In response, said the court, each day, the defendants would place bids during the closing periods below and up to their calculation of fair value. The court acknowledged these bids helped increase the value of defendants’ open positions in the Three-Month Contract by impacting settlement prices. However, the court found that defendants’ trading was consistent with their quantitative analysis, and they were always interested to attract counterparties and obtain executions. According to the court, the defendants “made bids with an honest desire to transact at those prices, and … they fully believed the resulting settlement prices to be reflective of the forces of supply and demand.”
In order to prove manipulation, said the court, the CFTC had to show that defendants had the ability to influence market price, an artificial price existed, defendants caused the non-bona fide price, and defendants intended to cause the non-legitimate price.
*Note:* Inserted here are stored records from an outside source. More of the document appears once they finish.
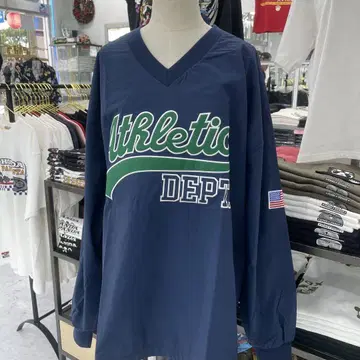 (87) Athletic DEPT. V넥 긴팔 티셔츠 네이비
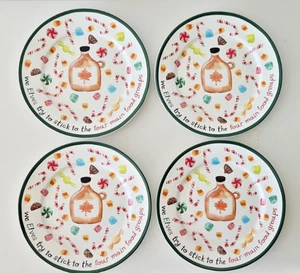 Pottery Barn ELF Appetizer Plates “Four Main Food Groups” set of (4) Maple Syrup - Picture 1 of 6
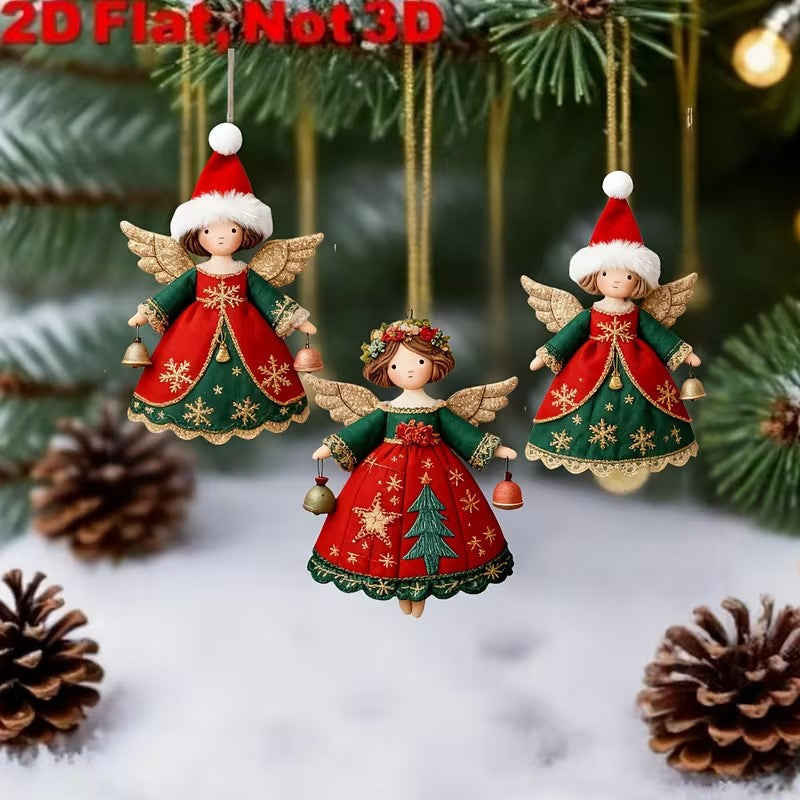Weihnachtsbaumschmuck aus Holz, 6er-Set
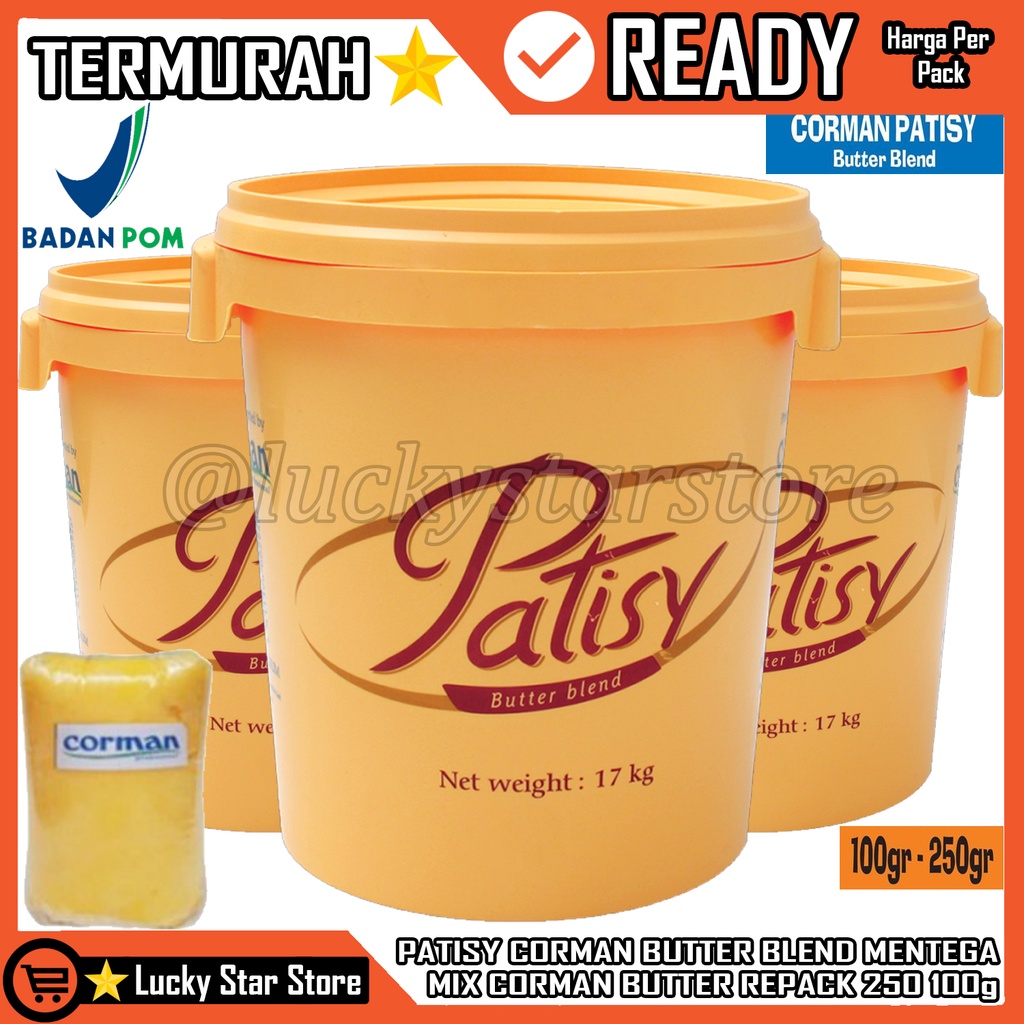 

CORMAN PATISY BUTTER BLEND KEMASAN REPACK 250G 100GRAM MARGARIN PATISI PATISY BUTTER BLEND CORMAN BUTTER CORMAN PATISY PATTISY BUTTER PENGGANTI WYSMAN PATISY CORMAN BUTTER BLEND 1KG MENTEGA MIX REPACK/MARGARIN PATISI 1 KG KILOAN BAHAN TAMBAHAN ADONAN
To show attempted manipulation, explained the court, the Commission did not have to show an artificial price existed, but had to show that defendants intended to cause an artificial price. However, the court ruled that it was not manipulation or attempted manipulation for defendants to take advantage of flawed exchange rules that were public information where their bids reflected their bona fide perception of fair value and were designed to induce liquidity. The IDCH settlement prices were not artificial, ruled the court, and defendants did not intend to cause an illegitimate settlement price through their actions.
The court noted that, during trial, the CFTC “unrelentingly” also described defendants’ conduct as “banging the close.” While acknowledging that courts have not precisely defined this term, the court said that defendants’ trading activities were not captured by its common meaning as agreed by the parties. “[A] slogan is a poor substitute for evidence, particularly where the slogan doesn’t fit the facts of the case,” said the court.
The Three-Month Contract was offered on the NASDAQ OMX Futures Exchange (NFX) during the relevant time and was cleared through the International Derivatives Clearing House. The Three-Month Contract was delisted by NFX on December 16, 2011, for failing to attract liquidity.
In response to the Court's verdict, DRW and Mr. Wilson issued the following statement:
We are gratified by the Court’s decision, which confirms our long-held position that our trading activity was lawful, legitimate and in line with market regulation. Importantly, the Court affirmed that artificiality is required for market manipulation to have occurred. Today’s decision upholds the principles of price discovery, transparency and integrity in the markets.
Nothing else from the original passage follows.